Three Poems from Annie Finch’s Earth Days

3 August, 2023

Annie Finch’s poetry is a pure tone that calls us home to the first impulse of poetry. We link to mystery. We lift off.

—Joy Harjo

 

 

Earth Days cover - by annie finch - the markaz review
Earth Days is available from Nirala Publications.

“Annie Finch’s spellbinding poems give voice to the earth-centered spirituality of our era.  Finch is a renowned poetry witch who skillfully draws on the secrets of poetic rhythm and craft to honor the sacredness of the natural world. Earth Days gathers her poems over five decades around the elements of fire (flame, sun, stars, heat, passion); air (moon, wind, light, wisdom); earth (mud, roots, mountain, tree, strength); water (ocean, river, rain, tears, heart); and matrix (intuition, mystery, ritual, spirit). Finch’s poems enchant the ear as well as the mind, combining her virtuosic use of poetic craft with a rhapsodic, transformative, and feminist postmodern sensibility.” —Nirala series

 

 

Annie Finch

 

Homebirth

                        For Vincent

Home is a birthplace since you came to me,
pouring yourself down through me like a soul,
calling the cosmos imperiously
into me so it could reach to unroll
out from the womb where the wild rushes start
in a quick, steady heartbeat not from my own heart.
This is my body, which you made to break,
which gave you to make you, till you bear its mark,
which held you till you found your body to take,
(open at home on my bed in the dark).


The Door

 

It seemed as if a door came calling,
in a voice as old as carols,
telling lies as old as candles,
in words that were all about
some afternoons, lost on a child,
that could have been simple but
were lost, when I was just a child.

There was a day and then a dream
that I went through, and a cathedral
whose tall choir prayed
a singing message through the nave
until I heard a forest there
(though far outside, the trees were bare)


Earth Goddess and Sky God

 

You haven’t formed me.  I’m a monster still.

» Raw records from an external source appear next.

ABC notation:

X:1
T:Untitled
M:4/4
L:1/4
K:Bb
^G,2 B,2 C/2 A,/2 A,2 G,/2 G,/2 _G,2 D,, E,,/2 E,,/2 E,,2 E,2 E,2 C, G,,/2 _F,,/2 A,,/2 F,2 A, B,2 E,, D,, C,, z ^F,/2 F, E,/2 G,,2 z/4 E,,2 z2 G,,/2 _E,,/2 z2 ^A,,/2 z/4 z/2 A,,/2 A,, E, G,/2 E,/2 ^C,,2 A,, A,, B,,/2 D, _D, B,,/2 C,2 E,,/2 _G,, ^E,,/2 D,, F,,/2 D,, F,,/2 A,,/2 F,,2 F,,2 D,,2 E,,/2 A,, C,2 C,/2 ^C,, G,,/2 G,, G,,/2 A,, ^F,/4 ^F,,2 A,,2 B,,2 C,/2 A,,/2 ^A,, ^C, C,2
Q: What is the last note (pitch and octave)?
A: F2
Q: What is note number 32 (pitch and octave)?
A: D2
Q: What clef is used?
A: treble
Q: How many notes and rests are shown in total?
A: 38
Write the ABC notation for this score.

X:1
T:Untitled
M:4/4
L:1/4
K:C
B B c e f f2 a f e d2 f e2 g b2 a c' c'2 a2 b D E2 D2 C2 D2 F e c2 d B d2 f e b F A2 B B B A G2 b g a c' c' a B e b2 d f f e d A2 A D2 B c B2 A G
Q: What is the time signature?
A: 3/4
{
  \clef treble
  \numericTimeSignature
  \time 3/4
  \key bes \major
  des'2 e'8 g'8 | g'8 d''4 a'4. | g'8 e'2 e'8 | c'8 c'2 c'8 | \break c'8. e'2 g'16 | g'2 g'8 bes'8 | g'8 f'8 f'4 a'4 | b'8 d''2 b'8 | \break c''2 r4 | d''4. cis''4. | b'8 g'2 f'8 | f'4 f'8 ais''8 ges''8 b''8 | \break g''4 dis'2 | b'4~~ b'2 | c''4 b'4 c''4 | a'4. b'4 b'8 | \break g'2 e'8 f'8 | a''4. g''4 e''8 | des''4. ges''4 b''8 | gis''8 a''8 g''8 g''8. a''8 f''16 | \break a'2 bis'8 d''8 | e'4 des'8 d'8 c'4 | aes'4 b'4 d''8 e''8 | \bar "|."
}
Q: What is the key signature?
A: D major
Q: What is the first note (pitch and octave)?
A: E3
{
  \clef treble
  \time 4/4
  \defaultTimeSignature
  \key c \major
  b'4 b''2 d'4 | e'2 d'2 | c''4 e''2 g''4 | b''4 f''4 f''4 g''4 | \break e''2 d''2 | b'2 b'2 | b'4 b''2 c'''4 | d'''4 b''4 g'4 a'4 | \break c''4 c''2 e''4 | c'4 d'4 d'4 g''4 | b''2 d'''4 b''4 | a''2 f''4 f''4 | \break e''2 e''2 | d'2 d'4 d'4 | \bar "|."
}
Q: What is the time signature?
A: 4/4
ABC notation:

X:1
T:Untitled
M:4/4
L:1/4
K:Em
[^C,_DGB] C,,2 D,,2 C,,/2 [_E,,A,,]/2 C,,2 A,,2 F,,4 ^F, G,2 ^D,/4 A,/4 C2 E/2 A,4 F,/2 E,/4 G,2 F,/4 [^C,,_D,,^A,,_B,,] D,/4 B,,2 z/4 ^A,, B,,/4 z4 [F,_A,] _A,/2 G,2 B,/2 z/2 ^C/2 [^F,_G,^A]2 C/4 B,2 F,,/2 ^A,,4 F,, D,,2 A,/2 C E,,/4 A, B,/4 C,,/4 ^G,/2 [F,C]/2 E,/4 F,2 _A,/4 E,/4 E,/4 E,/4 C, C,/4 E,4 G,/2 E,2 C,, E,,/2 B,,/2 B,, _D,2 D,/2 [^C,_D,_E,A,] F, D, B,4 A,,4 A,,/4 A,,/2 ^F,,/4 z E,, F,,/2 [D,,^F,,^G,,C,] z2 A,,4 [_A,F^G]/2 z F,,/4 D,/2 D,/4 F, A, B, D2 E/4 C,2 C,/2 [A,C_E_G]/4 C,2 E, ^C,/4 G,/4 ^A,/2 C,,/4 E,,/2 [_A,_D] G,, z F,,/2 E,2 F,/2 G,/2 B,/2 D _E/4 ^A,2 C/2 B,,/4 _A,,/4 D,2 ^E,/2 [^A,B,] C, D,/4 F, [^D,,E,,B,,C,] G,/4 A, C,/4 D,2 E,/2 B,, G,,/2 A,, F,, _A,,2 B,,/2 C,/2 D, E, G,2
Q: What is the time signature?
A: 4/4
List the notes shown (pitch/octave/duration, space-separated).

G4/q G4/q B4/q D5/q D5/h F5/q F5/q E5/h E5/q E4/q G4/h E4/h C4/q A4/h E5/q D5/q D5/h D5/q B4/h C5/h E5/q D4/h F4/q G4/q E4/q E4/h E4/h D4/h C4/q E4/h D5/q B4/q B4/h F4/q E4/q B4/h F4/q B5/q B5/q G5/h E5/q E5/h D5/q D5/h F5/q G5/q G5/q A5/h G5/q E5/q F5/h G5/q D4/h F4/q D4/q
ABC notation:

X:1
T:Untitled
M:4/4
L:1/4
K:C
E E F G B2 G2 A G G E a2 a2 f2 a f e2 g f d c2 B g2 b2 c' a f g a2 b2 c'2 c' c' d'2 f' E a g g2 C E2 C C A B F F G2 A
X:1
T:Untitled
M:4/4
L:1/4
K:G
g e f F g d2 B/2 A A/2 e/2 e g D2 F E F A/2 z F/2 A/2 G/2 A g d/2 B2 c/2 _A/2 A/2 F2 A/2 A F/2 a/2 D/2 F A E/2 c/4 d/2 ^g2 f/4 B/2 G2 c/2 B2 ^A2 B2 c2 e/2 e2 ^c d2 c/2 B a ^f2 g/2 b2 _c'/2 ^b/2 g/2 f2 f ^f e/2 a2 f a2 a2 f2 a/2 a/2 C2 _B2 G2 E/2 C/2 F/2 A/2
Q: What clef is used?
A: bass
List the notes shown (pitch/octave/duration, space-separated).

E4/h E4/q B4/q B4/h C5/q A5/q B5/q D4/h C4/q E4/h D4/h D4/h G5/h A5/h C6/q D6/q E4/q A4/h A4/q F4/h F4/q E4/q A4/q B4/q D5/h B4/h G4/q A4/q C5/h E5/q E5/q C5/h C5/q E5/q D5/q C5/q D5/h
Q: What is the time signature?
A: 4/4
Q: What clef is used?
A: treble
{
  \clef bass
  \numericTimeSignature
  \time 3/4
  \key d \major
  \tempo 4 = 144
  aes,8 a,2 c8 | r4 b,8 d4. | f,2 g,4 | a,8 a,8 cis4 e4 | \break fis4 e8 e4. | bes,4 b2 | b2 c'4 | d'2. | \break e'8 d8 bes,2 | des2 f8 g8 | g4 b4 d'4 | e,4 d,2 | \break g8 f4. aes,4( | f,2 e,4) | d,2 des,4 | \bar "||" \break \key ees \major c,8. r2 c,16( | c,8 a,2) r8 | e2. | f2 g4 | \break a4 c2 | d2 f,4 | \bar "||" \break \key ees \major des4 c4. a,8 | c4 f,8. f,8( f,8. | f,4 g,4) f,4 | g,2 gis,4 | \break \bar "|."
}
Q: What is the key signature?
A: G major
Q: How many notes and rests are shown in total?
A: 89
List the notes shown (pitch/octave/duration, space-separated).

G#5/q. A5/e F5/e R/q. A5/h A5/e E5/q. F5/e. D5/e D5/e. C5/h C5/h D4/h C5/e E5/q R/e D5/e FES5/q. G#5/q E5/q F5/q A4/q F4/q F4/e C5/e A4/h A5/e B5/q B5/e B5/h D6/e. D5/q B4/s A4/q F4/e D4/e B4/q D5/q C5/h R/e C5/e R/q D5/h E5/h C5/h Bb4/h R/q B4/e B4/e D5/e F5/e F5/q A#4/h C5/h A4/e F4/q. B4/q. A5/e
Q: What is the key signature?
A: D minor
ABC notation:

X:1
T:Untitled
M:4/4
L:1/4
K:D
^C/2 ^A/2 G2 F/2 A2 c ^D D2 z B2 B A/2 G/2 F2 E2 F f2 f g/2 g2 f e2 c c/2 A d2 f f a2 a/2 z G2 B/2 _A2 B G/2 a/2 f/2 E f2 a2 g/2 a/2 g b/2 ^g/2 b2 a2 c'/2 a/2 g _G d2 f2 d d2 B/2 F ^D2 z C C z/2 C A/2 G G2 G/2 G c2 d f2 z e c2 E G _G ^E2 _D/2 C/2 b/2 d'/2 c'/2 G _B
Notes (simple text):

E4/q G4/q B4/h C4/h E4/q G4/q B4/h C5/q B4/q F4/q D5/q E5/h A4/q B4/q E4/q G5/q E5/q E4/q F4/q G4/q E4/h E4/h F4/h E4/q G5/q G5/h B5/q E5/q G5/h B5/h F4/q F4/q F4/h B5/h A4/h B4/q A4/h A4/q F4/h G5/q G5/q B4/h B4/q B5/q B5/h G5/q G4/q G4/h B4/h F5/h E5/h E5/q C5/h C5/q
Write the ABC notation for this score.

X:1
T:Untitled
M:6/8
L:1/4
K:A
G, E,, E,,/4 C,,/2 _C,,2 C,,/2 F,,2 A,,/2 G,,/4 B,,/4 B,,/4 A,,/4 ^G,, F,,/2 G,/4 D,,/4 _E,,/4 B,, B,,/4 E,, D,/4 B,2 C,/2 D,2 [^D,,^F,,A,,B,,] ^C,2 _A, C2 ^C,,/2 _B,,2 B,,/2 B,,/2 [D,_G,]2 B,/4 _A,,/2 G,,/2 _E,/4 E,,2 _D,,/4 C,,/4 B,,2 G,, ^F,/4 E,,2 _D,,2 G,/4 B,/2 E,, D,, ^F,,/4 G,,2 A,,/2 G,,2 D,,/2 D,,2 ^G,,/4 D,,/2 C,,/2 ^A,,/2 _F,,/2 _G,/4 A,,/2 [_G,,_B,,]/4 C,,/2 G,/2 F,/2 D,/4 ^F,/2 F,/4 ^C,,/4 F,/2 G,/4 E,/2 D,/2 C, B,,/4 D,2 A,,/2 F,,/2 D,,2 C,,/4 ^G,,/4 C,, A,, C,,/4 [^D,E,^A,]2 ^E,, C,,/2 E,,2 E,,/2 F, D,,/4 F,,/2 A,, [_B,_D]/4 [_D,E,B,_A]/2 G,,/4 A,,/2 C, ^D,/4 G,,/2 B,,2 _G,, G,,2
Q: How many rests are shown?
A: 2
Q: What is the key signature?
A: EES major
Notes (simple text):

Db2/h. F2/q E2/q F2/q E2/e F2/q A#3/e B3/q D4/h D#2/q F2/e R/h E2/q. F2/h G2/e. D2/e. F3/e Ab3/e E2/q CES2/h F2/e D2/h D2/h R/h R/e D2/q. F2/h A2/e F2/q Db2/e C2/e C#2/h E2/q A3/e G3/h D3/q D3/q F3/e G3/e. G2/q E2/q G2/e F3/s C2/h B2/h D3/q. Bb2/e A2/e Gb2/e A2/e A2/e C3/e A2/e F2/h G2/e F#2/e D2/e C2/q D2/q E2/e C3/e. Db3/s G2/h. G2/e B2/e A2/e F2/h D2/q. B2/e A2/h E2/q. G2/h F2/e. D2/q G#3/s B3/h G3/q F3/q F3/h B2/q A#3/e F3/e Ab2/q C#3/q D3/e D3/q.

Then give me your body.  Give it to me in rain.

Look up and fill me.  I am too dark to stain.

You haven’t  held me. I hold apart my will

Spread dryness through me.  I have a night to fill

in high heat-speckled waves, apart from where

I will come down.  I have nothing to share

with breath.  I will give it back.  There is one to kill,

one to renew, and one to persuade to weep.

My night holds everything except for sleep.

 

Annie Finch is the author of seven books of poetry, including Earth Days: Poems, Chants, and Spells in Five Directions (Nirala), Eve and Calendars (both finalists for the National Poetry Series), and Among the Goddesses: An Epic Libretto in Seven Dreams (awarded the Sarasvati Award). Her other books include A Poet’s Craft, Measure for Measure: An Anthology of Poetic Meters, and Choice Words: Writers on Abortion.  Finch’s poems have appeared in the New York Times, Poetry, Paris Review, Penguin Book of Twentieth-Century American Poetry, and Norton Anthology of World Literature.  Educated at Yale University and Stanford University, where she earned her PhD, she teaches meter and magic at PoetryWitchCommunity.org and has shared her poems and Poetry Witch Ritual Theater performances across the U.S. and in India, Mexico, Africa, and throughout Europe.